3rd Quarter 2019
Market Watchby Joe A. Hollingsworth, Jr.
Those of us that have been in the industrial development business for several decades have really never seen a time when excess demand is repeatedly outstripping supply. The below chart highlights how radical this is. Our opinion is that the industrial sector of the economy is progressing very well. There are repeated naysayers, such as the nightly news highlighting everything that could possibly go wrong. However, the solid proof is still an expanding GDP that leads us to more aggressive positions when speculating on industrial real estate. Even with the surge of speculative activity and more than doubling of the build-to-suits, the vacancy rate is at an all-time low. However, this chart also begs for bifurcation of the market. New Jersey, Dallas, California, and Central Pennsylvania were some of the top industrial markets last year, accounting for over 34% of the total US absorption.
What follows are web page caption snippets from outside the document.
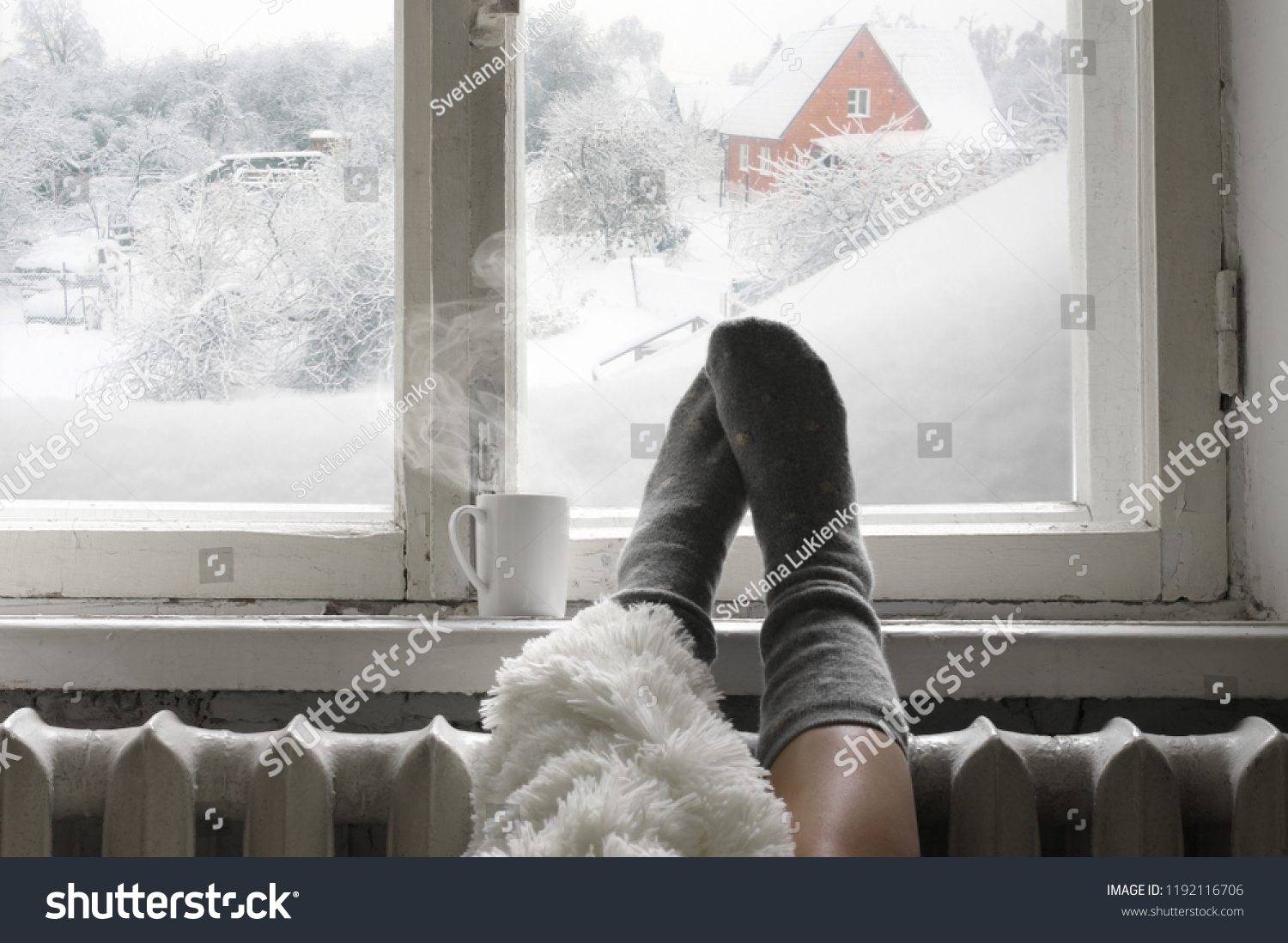 Cozy winter still life: woman legs in warm woolen socks under shaggy blanket and mug of hot beverage on old windowsill against snow landscape from outside.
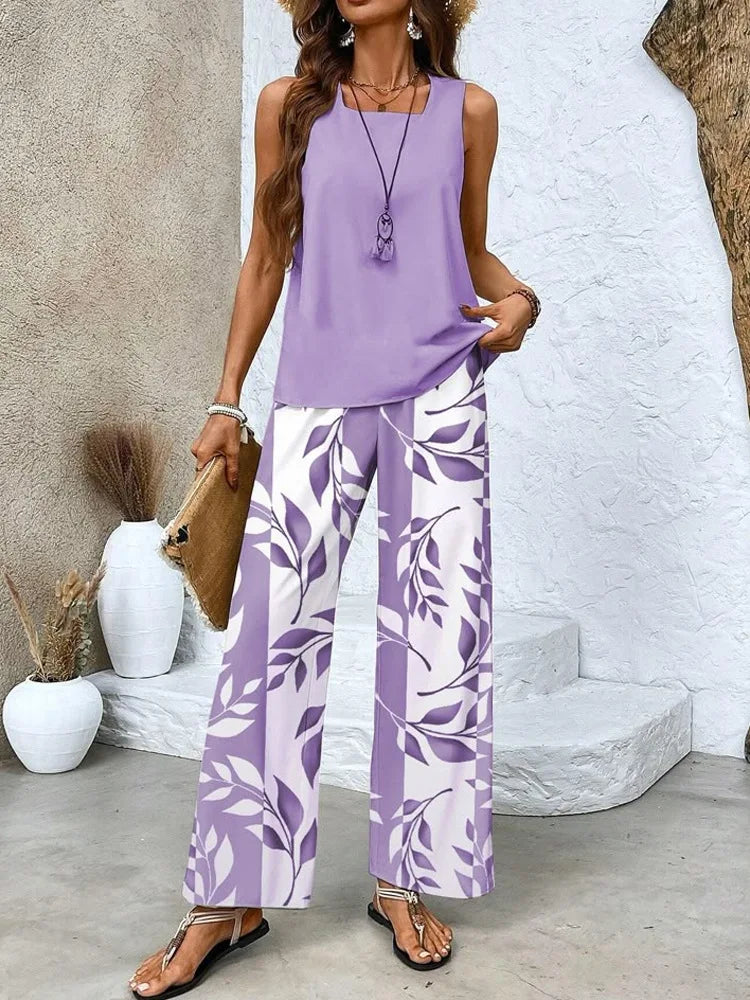 Completo due pezzi viola: top senza maniche e pantaloni ampi a foglie bianche
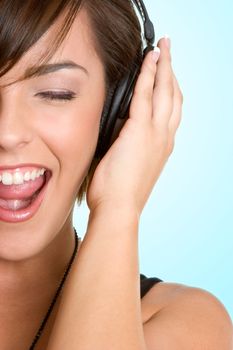 Singing girl wearing headphones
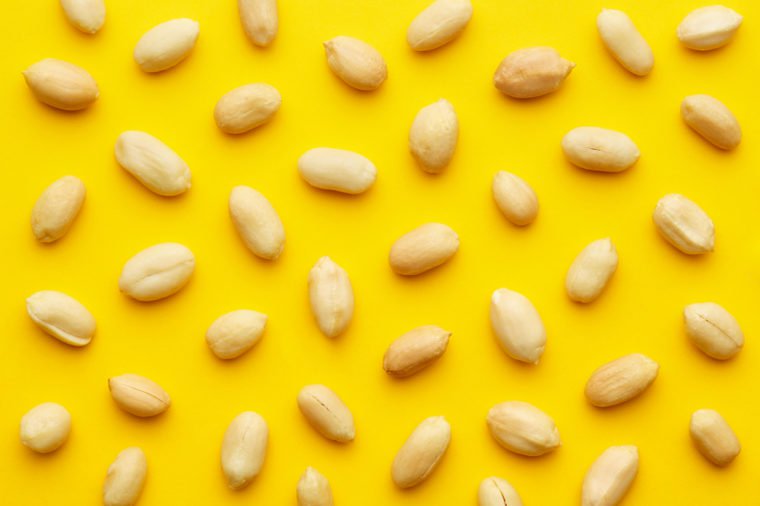 Peanuts pattern isolated on a yellow backround. Repetition concept. Top view
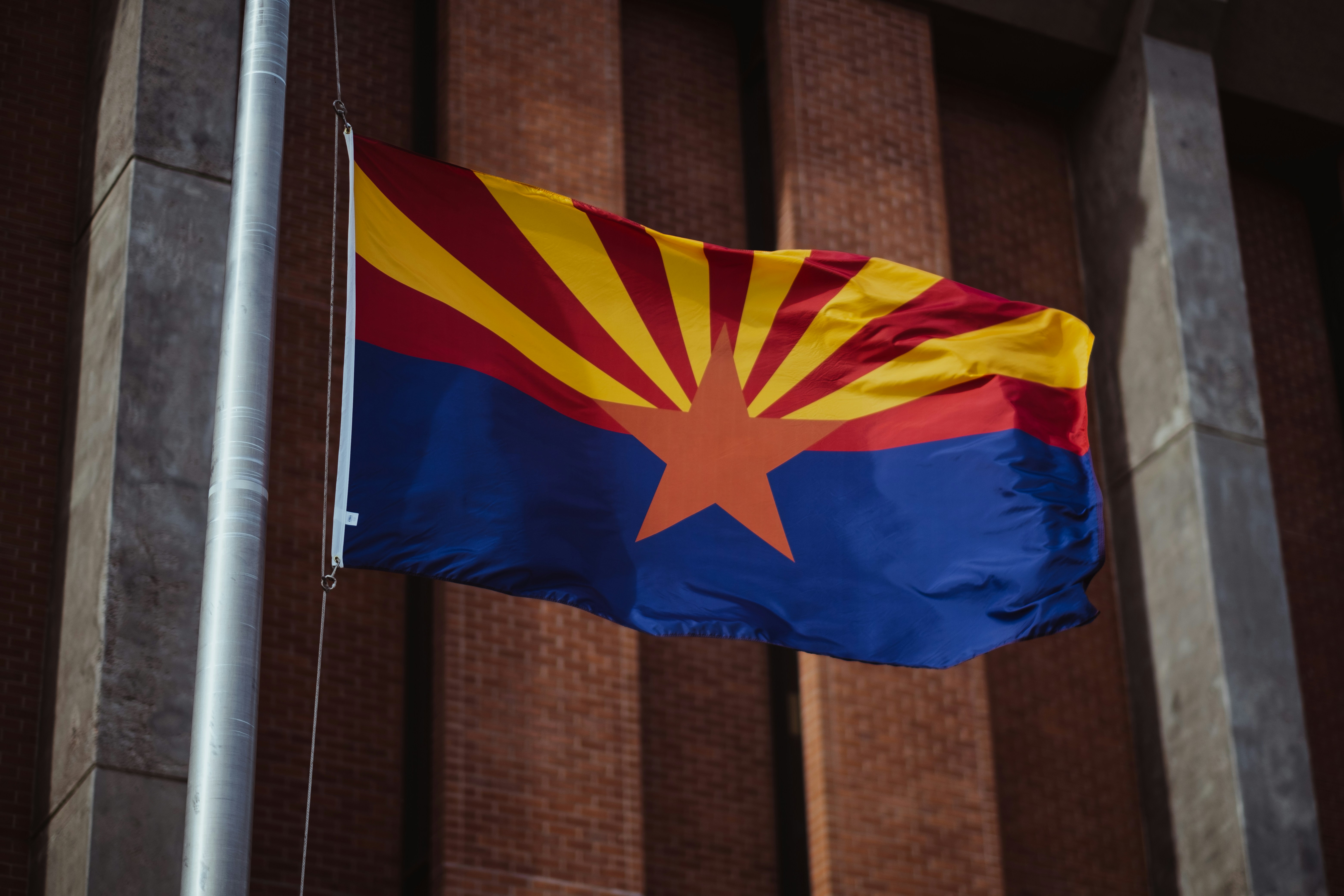 Arizona state flag with a copper star, red and yellow rays, and blue lower half flying on a pole in front of a brick building.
While these areas will continue to grow, we think they will grow at a much more moderate rate; because, even higher paying companies cannot fill the minimal job needs for distribution in these locations. It is our opinion that a great deal of that demand for space has already begun to shift to tertiary cities that are interstate-connected where they can expect cheaper land, less taxes, less regulation, a chance at a TIF, and can find employees. Also, while you may have differences in logistical costs from the big distribution hubs, being able to operate at all without labor is impractical. In fact, we are seeing more projects use existing available labor pools as the driving reason, even over geography, for their next plant location.
Source: CBRE Econometric Advisors, Q1 2019.
Also, the chart highlights and brings forth the question of how much speculative is enough in these high-velocity logistical areas. We believe these tertiary markets have already begun to see the onshoring of all the early movers with tariff exposure. Available buildings outside of those areas mentoioned above are seeing a much higher proportion of manufacturing and value-added company visits versus logistics. The industrial developers that are working either on build-to- suits or existing space in these tertiary markets are getting cap rates that make all the REITs jealous.